Stamp duty on property

Stamp duty is charged on the instruments used in the transfer of property – in other words, the conveyance documents that transfer the ownership of the property.

Residential property
Budget 2011 changed the rules on stamp duty on residential property (such as houses, apartments etc.). These changes took effect in respect of instruments executed on or after 8 December 2010. The rates were reduced and all existing reliefs and exemptions were abolished.

For people who entered into a binding contract to purchase a residential property before 8 December 2010, there is a transitional provision to ensure that they do not lose out if they execute the transfer of that property before 1 July 2011 – see ‘Transitional provision’ below.

Non-residential property
Stamp duty is also payable on land/housing sites without residential buildings. Where your agreement to buy a site is linked to a construction contract, stamp duty may be payable on the full amount of the site plus the construction contract.

Residential property: on or after 8 December 2010

From 8 December 2010 onwards, the only factor affecting the amount of stamp duty is the value of the property.

New rates
For properties valued up to €1 million, the new rate is 1% of the full value. For properties valued over €1 million, the rate of 1% applies to the first €1 million and a rate of 2% applies to the balance.
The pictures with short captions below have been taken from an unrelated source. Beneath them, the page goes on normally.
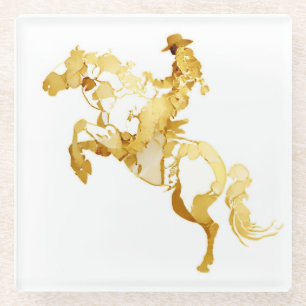 Abstrakte goldene Pferd und Reiter Glasuntersetzer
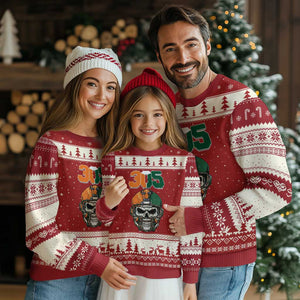 305 Football Warrior Skull Ugly Christmas Sweater Orange and Green Miami Vibes TS02 Red Beige Print Your Wear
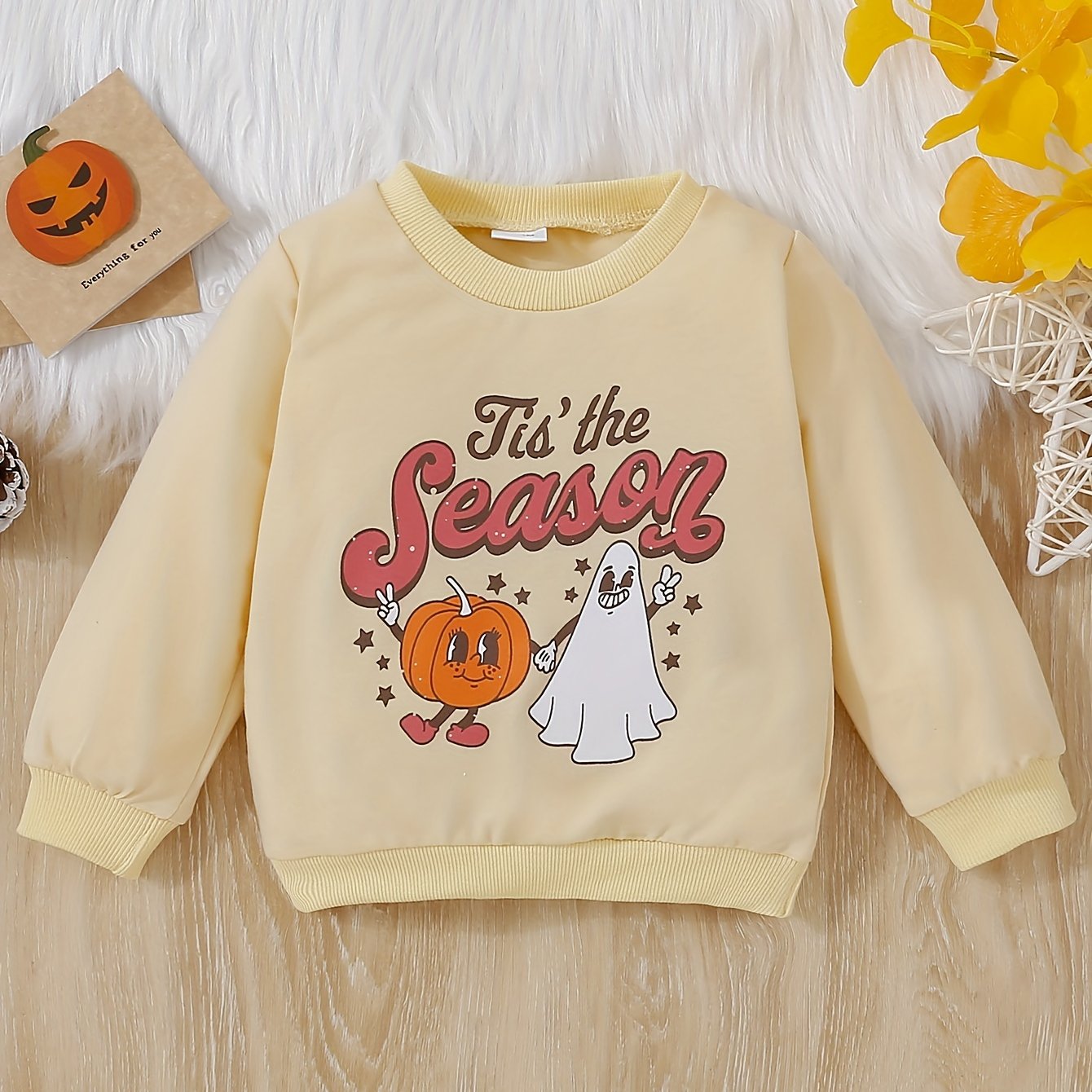 Halloween Sweatshirt Toddler Baby Girls Boys Letter Pumpkin Cartoon Graphic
The new rates apply to instruments of transfer dated on or after 8 December 2010.

Abolition of exemptions and reliefs
All existing reliefs and exemptions for stamp duty on residential property were abolished in respect of instruments executed on or after 8 December 2010, as follows:

First-time buyer relief
Exemption for new houses up to 125 sq m in size
Relief on new houses over 125 sq m in size
Consanguinity relief for residential property transfers
Exemption for residential property transfers valued under €127,000
Site to child relief
This means that many transactions which would have qualified for exemptions or reliefs under the old system will not now qualify.

However, if you were in the process of buying a property on 8 December 2010, and you would be disadvantaged if the new rules were applied, you may be able to avail of a transitional provision, which allows the old rules to apply for your benefit.

Transitional provision
A transitional provision will ensure that anyone who entered into a binding contract to purchase a residential property before 8 December 2010, and who executes the transfer of that property before 1 July 2011, will not lose out. In order to benefit from this provision, you must ensure that the instrument contains the following certificate:

“It is hereby certified that this instrument was executed solely in pursuance of a binding contract entered into prior to 8 December 2010”.

More details on the Budget changes are available in the leaflet published by the Revenue Commissioners.

Residential property: before 8 December 2010

Prior to Budget 2011, the amount of stamp duty payable varied according to the value of the property (home or apartment, land or housing site) and your status (first-time buyer, investor, etc.). Stamp duty was divided up into different categories and rates and the amount you had to pay depended on:

Whether, as an owner-occupier, you were a first time buyer
Whether you were an owner-occupier or an investor
Whether it was a new or second-hand house or apartment
The size of the house or apartment.
Whether there was a relationship or association between the vendor and purchaser
The price of the property
Whether your parent(s) transferred a site to you
First-time buyer exemption
Up to 8 December 2010, first-time buyers who were owner-occupiers of new and second-hand residential property did not pay stamp duty. Budget 2011 abolished this exemption with effect from 8 December 2010 in respect of intruments dated on or after this date.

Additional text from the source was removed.